### Data to process

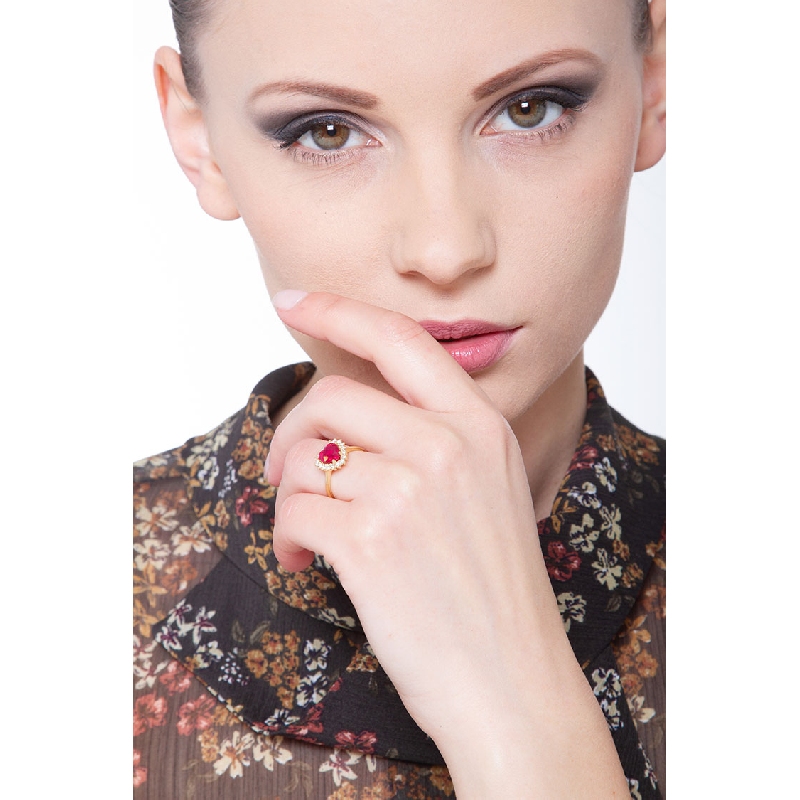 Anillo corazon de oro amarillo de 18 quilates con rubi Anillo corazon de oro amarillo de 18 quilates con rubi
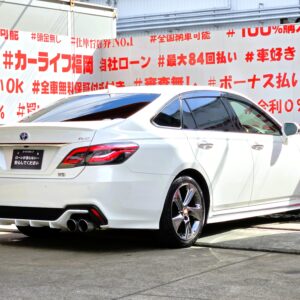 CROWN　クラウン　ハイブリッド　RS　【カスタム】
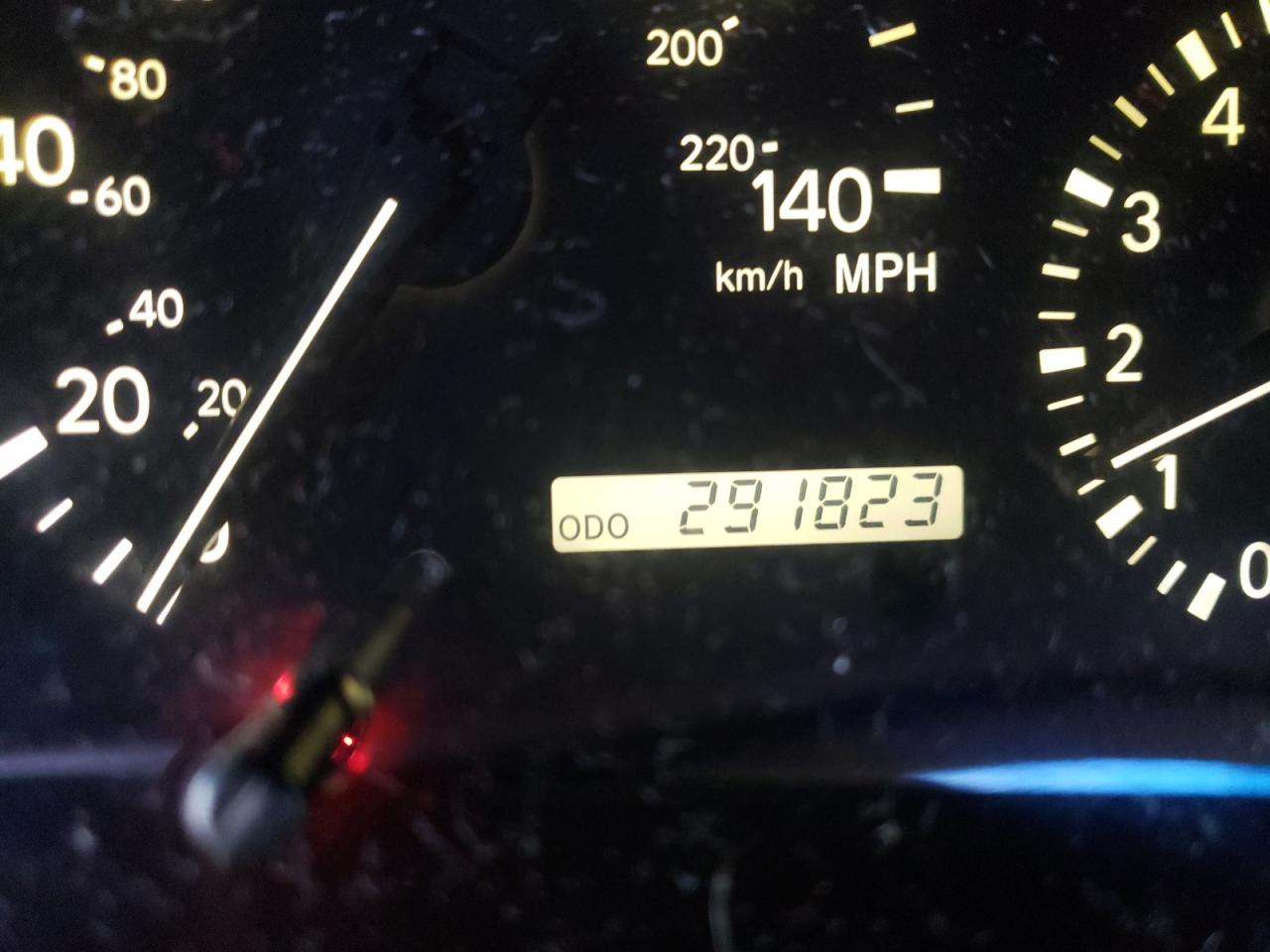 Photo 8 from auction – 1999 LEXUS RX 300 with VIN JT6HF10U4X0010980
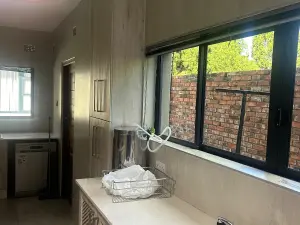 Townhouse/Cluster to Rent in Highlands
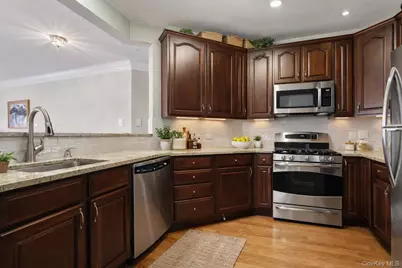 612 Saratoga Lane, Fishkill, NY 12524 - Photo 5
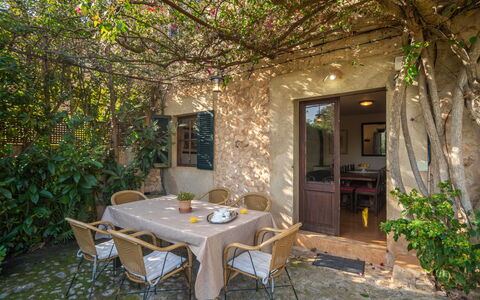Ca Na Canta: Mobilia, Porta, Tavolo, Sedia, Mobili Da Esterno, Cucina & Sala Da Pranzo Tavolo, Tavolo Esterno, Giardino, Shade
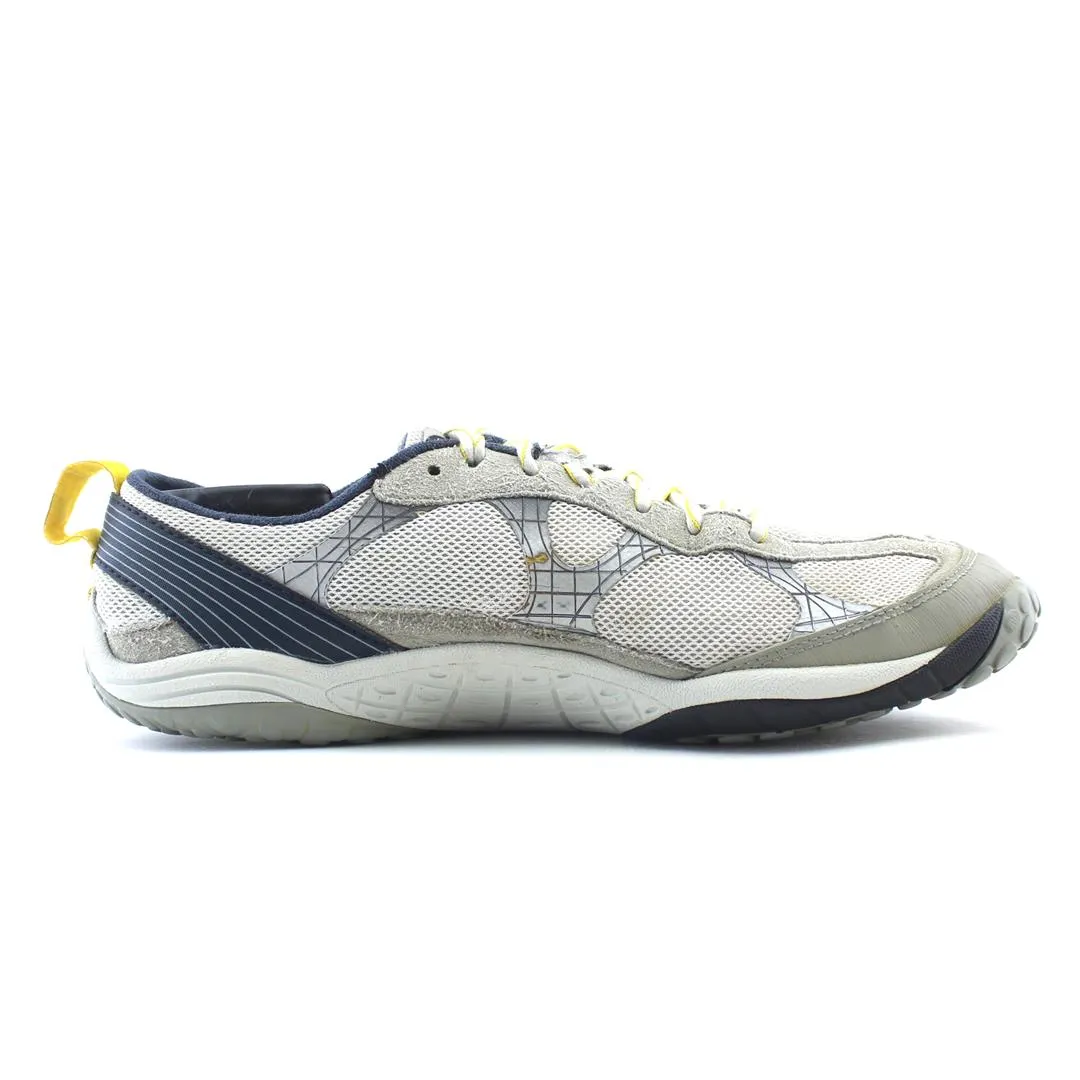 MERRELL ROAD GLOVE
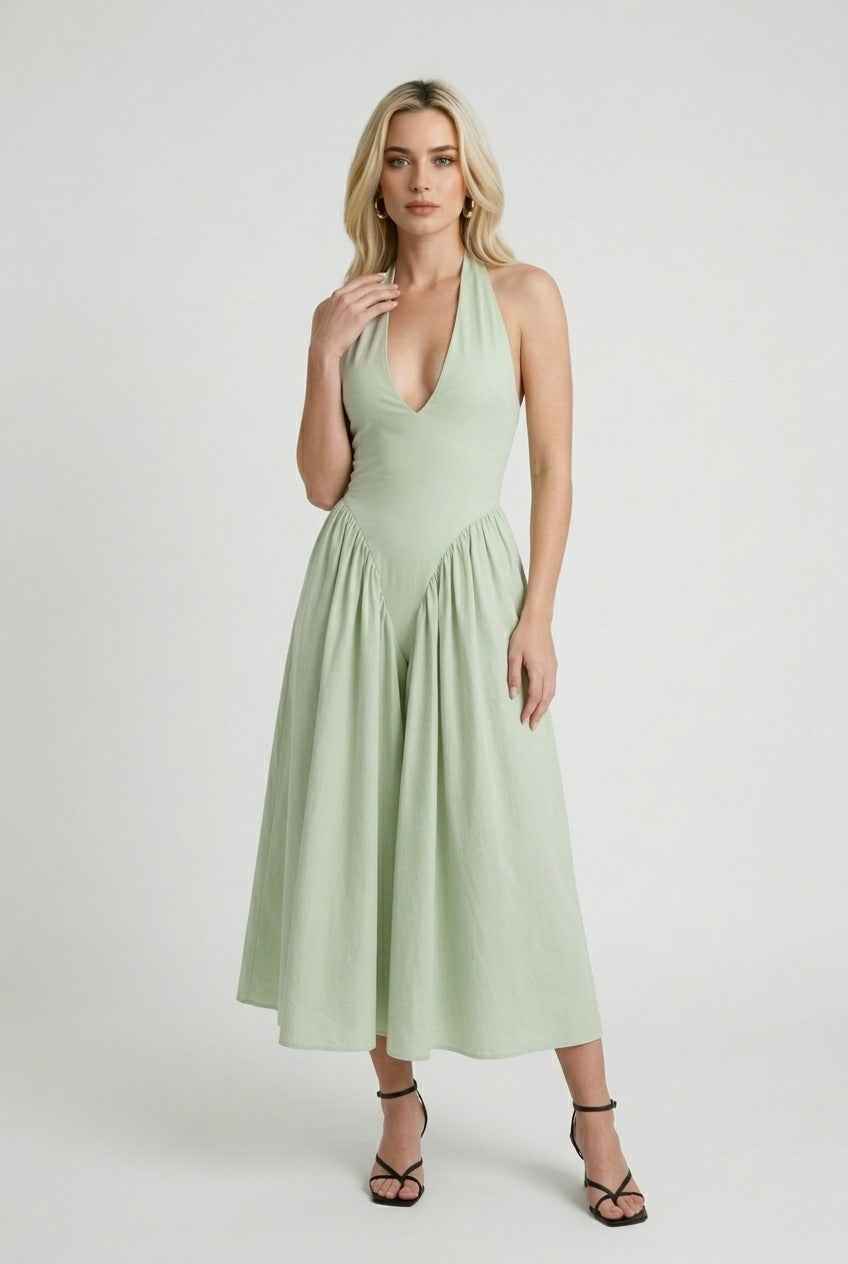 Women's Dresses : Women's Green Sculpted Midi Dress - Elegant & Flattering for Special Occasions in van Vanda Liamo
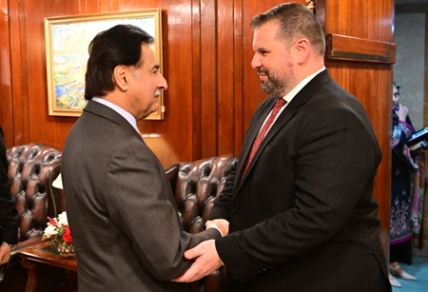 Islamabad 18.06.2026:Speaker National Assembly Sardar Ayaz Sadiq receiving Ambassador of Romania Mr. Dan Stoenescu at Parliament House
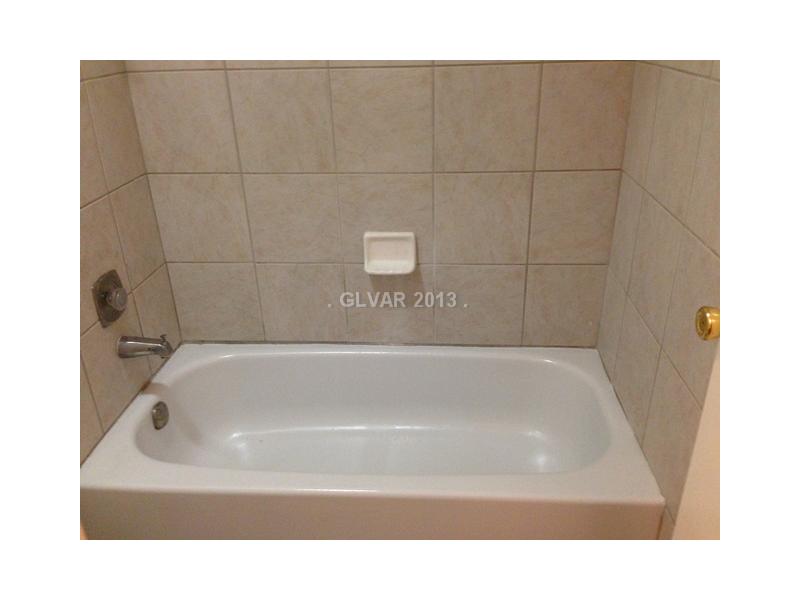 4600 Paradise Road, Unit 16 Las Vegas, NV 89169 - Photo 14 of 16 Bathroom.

######

## What the task asks:
None of the pictures should be carried over when the data above is transcribed exactly.

## Solution to the problem:
 Anillo corazon de oro amarillo de 18 quilates con rubi Anillo corazon de oro amarillo de 18 quilates con rubi
 CROWN　クラウン　ハイブリッド　RS　【カスタム】
 Photo 8 from auction – 1999 LEXUS RX 300 with VIN JT6HF10U4X0010980
 Townhouse/Cluster to Rent in Highlands
 612 Saratoga Lane, Fishkill, NY 12524 - Photo 5
Ca Na Canta: Mobilia, Porta, Tavolo, Sedia, Mobili Da Esterno, Cucina & Sala Da Pranzo Tavolo, Tavolo Esterno, Giardino, Shade
 MERRELL ROAD GLOVE
 Women's Dresses : Women's Green Sculpted Midi Dress - Elegant & Flattering for Special Occasions in van Vanda Liamo
 Islamabad 18.06.2026:Speaker National Assembly Sardar Ayaz Sadiq receiving Ambassador of Romania Mr. Dan Stoenescu at Parliament House
 4600 Paradise Road, Unit 16 Las Vegas, NV 89169 - Photo 14 of 16 Bathroom.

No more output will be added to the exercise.